# Timber Warriors new show?



## turnkey4099 (Jun 27, 2014)

I caught what may be the first show of this series. Boring, no drama . Still boring, Just log truck drivers hauling loads, having usual problems, flats, equipment failures, brakes freezing up, etc. and lots of talking. One thing that really grated was repeated references to how much wood was still waiting to be hauled. "cords". Do Main loggers really measure saw log amount in cords? Or were they really hauling firewood in log lengths? Most of the loads were about 3/4 full with very small gauge logs, some that I don't think they could cut a 2x4 out of.

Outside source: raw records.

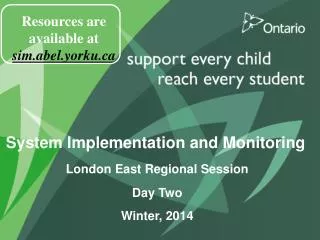System Implementation and Monitoring London East Regional Session Day Two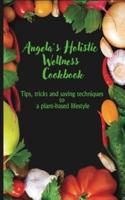 Angela's Holistic Wellness Cookbook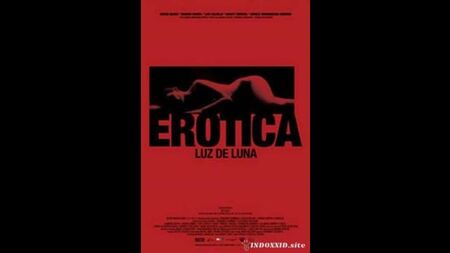 Erotik: Ay Işığı _ Erotica: Luz de Luna (2008) Meksika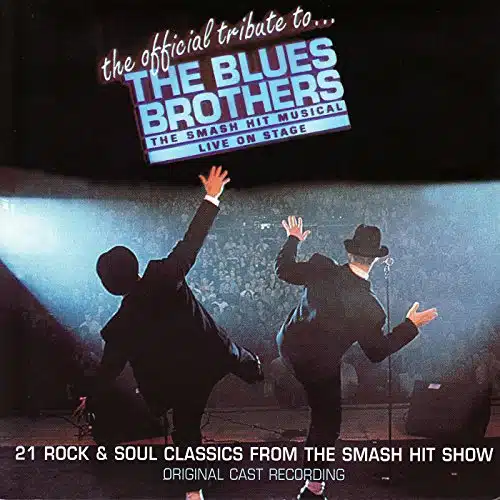 A Tribute To The Blues Brothers (Original Cast Recording)
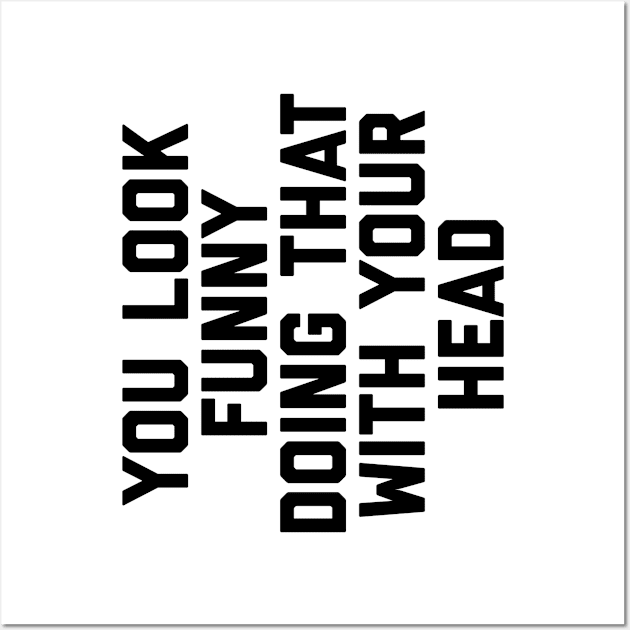 You Look Funny Doing That With Your Head Wall Art by alexwestshop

Oh, yeah. It did have the mandatory hoked up "competition" (How many tons of wood each hauled).

Harry K


----------



## Swamp Yankee (Jun 27, 2014)

Haven't seen the show

However, my guess is they were hauling wood to one of the pulp mills in Maine. Pulp wood is often measured by the cord or weight and is not used for saw logs but to make paper and board. Years ago when I was working a summer job up there, what we normally refer to as logging trucks are called pulp trucks because that is what they most often haul and what the paper companies manage the forests to produce.

Once again things may have changed a bit since I was up there but the roads and land into and out of the forests were on paper company land and public access was granted at the discretion of the paper company. I remember many signs along the dirt roads up in the Millinocket area telling motorists that they were on paper company land and that pulp trucks had the right of way. Because the drivers were paid by weight delivered and they were running on private loads there was no such thing as a pulp truck not running well overweight. Again things may have changed a bit since then.

Here's a link describing pulp measurement.
http://forestry.about.com/cs/forestvaluation/a/wood_vol.htm

Take Care


----------



## turnkey4099 (Jun 27, 2014)

Swamp Yankee said:


> Haven't seen the show
> 
> However, my guess is they were hauling wood to one of the pulp mills in Maine. Pulp wood is often measured by the cord or weight and is not used for saw logs but to make paper and board. Years ago when I was working a summer job up there, what we normally refer to as logging trucks are called pulp trucks because that is what they most often haul and what the paper companies manage the forests to produce.
> 
> ...



Thanks. That makes sense. I hadn't thought about pulp wood.

Harry K


----------



## Saddle Mander (Jun 30, 2014)

I recorded it but could only sit through about 15 minutes. It should be called Truck Warriors because it is really about truck driving. What the guys are hauling really doesn't matter.


----------



## turnkey4099 (Jun 30, 2014)

Saddle Mander said:


> I recorded it but could only sit through about 15 minutes. It should be called Truck Warriors because it is really about truck driving. What the guys are hauling really doesn't matter.



I was just thinkling about that show today while splitting some wood. How are they going to make such a limited activity show interesting without adding all the faked up drama? Even that will be a problem as there just isn't enough "there" there to generate fighting.

Harry K


----------



## IcePick (Aug 3, 2014)

Was this supposed to be a new series or just a one episode deal? I haven't been able to find any info on it. I was excited to find out the Pelletier's were back on the air, I always liked their beady little eyes and flapping heads.


----------



## turnkey4099 (Aug 5, 2014)

IcePick said:


> Was this supposed to be a new series or just a one episode deal? I haven't been able to find any info on it. I was excited to find out the Pelletier's were back on the air, I always liked their beady little eyes and flapping heads.



IIRC it was listed as 1st episode of a series in the guide.

Harry K


----------